The president’s economic focus differed somewhat in tone from his second inaugural address last month. In that speech, he argued forcefully for social equality, including an expansion of gay rights.

Yet Obama also addressed the divisive issues that have dominated much of the public debate in recent weeks, renewing his call for comprehensive reform of the nation’s immigration system and for a variety of proposals to reduce gun violence, including universal background checks and an assault-weapons ban.

The gun issue, thrust into the public discourse by the recent mass school shooting in Newtown, Conn., was to be a major subtext of the evening. First lady Michelle Obama’s guest list included a teacher from Sandy Hook Elementary School, where the massacre took place, a police officer who responded to the massacre at a Sikh temple in Wisconsin, and the parents of a girl killed by gunfire in Chicago this month.

The first lady attended the funeral on Saturday for the slain Chicago teen, Hadiya Pendleton, who had performed with her high school’s majorette team last month at the president’s second inaugural.

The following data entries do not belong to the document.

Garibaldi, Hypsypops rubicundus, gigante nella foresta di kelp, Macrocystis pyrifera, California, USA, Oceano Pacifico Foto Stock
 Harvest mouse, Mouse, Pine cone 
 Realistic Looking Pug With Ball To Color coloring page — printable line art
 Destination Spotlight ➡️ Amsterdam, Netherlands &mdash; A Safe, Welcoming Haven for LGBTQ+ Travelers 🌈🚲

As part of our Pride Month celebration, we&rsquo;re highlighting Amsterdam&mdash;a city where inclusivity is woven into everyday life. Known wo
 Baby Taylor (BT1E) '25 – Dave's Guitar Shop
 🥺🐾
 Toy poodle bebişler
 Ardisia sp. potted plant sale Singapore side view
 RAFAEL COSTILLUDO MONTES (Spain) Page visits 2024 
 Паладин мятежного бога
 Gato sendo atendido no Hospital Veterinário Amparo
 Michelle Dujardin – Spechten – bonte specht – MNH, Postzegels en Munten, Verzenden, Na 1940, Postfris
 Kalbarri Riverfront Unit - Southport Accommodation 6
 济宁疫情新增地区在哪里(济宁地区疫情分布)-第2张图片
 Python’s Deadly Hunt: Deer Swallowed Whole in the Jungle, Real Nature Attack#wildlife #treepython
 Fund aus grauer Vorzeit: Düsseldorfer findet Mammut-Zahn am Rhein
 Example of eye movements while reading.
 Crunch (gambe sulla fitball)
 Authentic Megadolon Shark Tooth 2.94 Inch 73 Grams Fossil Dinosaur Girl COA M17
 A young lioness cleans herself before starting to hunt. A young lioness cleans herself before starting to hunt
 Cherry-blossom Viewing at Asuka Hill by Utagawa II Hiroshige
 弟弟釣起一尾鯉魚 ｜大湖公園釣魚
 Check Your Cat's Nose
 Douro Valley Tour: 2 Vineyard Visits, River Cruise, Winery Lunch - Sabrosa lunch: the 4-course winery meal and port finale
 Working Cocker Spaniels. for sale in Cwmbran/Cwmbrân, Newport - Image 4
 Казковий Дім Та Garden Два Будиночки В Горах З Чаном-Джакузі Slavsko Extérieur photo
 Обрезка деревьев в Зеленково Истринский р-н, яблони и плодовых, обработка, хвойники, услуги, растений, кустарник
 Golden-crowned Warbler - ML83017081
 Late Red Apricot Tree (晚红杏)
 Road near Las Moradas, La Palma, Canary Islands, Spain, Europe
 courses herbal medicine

Former Rep. Gabrielle Giffords (D-Ariz.), who was gravely wounded in a mass shooting in 2011 in Tucson and is now a gun-control activist, attended with her husband, Mark Kelly. Democratic lawmakers also brought shooting victims from their home states to sit in the gallery, while on the Republican side, fiery conservative rocker Ted Nugent attended as a guest of Rep. Steve Stockman (R-Tex.).

Nugent told an April convention of the National Rifle Association — which is fiercely resisting Obama’s gun-control initiatives — that he would end up “dead or in jail” if Obama was reelected.

In delivering his fourth State of the Union speech, Obama was also facing the weight of history. Rarely have State of the Union addresses moved public opinion, and rarely have they led to the kind of broad legislative accomplishments that presidents propose.

“Most of the speeches can be summarized in three words: boring, boring, boring,” said Allan Lichtman, author of “The 13 Keys to the Presidency.” “They tend to be laundry lists. But sometimes they rise above that.”